Blyk
is a UK mobile phone service targeted at the 16-24 year old market.
Instead of users paying for the service, they agree to receive 6 ads a
day, this seems to fly in the face of conventional thinking.
I have
often written about the privacy invasion problems of advertising on
cellphones, but this Blyk is looking like a big success in advertising
terms and in the build out of an installed base.
The advertising
appears to be performing amazingly well, the network has achieved an
average 29% response rate for the close to 500 campaigns it's run to
date.
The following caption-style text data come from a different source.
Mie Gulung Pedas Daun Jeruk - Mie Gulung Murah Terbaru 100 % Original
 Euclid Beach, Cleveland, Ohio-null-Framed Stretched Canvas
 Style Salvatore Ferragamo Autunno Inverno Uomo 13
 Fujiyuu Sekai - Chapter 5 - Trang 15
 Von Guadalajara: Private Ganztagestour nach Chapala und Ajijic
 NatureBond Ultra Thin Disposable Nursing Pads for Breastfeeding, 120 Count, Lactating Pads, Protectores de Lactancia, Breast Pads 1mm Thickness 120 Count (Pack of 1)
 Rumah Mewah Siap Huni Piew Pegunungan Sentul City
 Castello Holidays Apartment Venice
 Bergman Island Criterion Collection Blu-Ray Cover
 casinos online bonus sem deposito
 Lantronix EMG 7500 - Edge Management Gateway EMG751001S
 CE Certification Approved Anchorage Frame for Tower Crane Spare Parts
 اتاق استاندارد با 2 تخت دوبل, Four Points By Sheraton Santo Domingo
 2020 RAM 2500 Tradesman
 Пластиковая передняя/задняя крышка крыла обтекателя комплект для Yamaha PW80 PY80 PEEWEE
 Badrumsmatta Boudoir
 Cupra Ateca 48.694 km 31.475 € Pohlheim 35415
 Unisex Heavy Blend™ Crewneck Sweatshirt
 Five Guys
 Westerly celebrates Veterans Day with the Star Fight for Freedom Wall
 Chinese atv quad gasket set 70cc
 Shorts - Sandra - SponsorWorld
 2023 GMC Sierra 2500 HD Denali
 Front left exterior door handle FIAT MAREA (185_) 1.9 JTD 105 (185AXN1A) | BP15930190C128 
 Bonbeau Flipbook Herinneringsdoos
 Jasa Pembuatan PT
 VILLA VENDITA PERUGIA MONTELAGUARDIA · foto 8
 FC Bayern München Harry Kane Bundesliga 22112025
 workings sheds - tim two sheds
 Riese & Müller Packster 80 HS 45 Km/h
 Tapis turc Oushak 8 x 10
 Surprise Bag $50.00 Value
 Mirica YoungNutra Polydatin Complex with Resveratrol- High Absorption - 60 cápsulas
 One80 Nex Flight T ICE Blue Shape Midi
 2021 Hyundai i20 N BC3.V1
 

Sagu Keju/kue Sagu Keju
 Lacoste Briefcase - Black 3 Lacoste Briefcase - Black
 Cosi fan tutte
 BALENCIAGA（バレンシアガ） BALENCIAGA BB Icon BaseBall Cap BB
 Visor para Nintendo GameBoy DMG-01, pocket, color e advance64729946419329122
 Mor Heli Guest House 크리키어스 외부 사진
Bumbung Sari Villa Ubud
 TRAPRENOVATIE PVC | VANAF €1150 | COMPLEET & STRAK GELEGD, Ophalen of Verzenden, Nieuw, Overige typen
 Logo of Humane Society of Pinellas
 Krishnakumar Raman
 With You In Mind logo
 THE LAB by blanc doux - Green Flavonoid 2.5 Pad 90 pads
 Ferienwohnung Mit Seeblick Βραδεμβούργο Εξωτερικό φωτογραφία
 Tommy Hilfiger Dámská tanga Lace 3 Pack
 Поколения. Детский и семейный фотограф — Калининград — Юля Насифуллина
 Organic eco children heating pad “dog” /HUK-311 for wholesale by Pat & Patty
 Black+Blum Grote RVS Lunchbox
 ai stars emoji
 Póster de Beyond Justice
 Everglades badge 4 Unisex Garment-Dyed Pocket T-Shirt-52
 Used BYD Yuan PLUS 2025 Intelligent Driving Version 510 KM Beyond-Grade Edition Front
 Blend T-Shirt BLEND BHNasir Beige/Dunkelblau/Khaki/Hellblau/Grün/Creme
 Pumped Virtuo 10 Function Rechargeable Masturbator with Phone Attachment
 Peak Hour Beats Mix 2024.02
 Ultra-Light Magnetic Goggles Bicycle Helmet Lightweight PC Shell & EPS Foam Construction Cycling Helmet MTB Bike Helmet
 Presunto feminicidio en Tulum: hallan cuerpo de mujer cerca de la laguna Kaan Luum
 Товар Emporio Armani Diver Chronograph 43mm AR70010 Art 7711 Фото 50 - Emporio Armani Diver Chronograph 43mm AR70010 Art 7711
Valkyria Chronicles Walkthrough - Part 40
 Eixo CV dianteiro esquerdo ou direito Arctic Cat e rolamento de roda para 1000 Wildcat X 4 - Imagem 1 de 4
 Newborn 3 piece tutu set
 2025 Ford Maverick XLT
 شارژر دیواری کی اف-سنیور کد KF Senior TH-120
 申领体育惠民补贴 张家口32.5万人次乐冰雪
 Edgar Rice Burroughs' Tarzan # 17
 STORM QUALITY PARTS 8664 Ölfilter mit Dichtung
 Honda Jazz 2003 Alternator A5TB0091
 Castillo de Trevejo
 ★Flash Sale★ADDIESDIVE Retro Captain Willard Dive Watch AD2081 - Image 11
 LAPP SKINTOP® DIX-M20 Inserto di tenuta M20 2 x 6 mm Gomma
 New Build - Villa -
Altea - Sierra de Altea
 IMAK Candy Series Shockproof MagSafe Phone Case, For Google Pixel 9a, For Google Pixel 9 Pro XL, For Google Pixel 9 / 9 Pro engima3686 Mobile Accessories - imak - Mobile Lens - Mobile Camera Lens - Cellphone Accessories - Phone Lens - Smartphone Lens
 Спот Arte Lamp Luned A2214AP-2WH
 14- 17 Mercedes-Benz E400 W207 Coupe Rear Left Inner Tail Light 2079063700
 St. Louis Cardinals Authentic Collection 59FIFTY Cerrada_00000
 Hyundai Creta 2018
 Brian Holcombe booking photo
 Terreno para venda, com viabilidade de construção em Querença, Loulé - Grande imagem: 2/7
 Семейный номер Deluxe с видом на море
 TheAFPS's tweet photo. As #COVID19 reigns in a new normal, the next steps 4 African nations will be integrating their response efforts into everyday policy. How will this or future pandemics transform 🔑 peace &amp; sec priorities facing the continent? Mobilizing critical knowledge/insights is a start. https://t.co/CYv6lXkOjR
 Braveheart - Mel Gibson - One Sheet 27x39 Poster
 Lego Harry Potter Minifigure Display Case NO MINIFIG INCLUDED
The advertising success is due to the format, Blyk sends text and
picture messages to its user base who see it as part of a conversation
and don't have the hassle of browsing around mobile websites.
The
company's installed base in the UK currently numbers 100K.
Advertisers
seem to find the opportunities of brand conversation and interaction
appealing with the likes of Adidas, Ford, L'Oreal, McDonald's all
participating.
It appears Blyk is worth looking at for mobile
operators and MVNOs in the US who are struggling to find ways of adding
advertising revenue.
Blyk has looked at its whole model from the
perspective of the user and provides the low-cost
service that this demographic requires and thinks about advertising
as an on-going information-rich conversation that the user interacts
with, rather than simply media placement to grab eyeballs.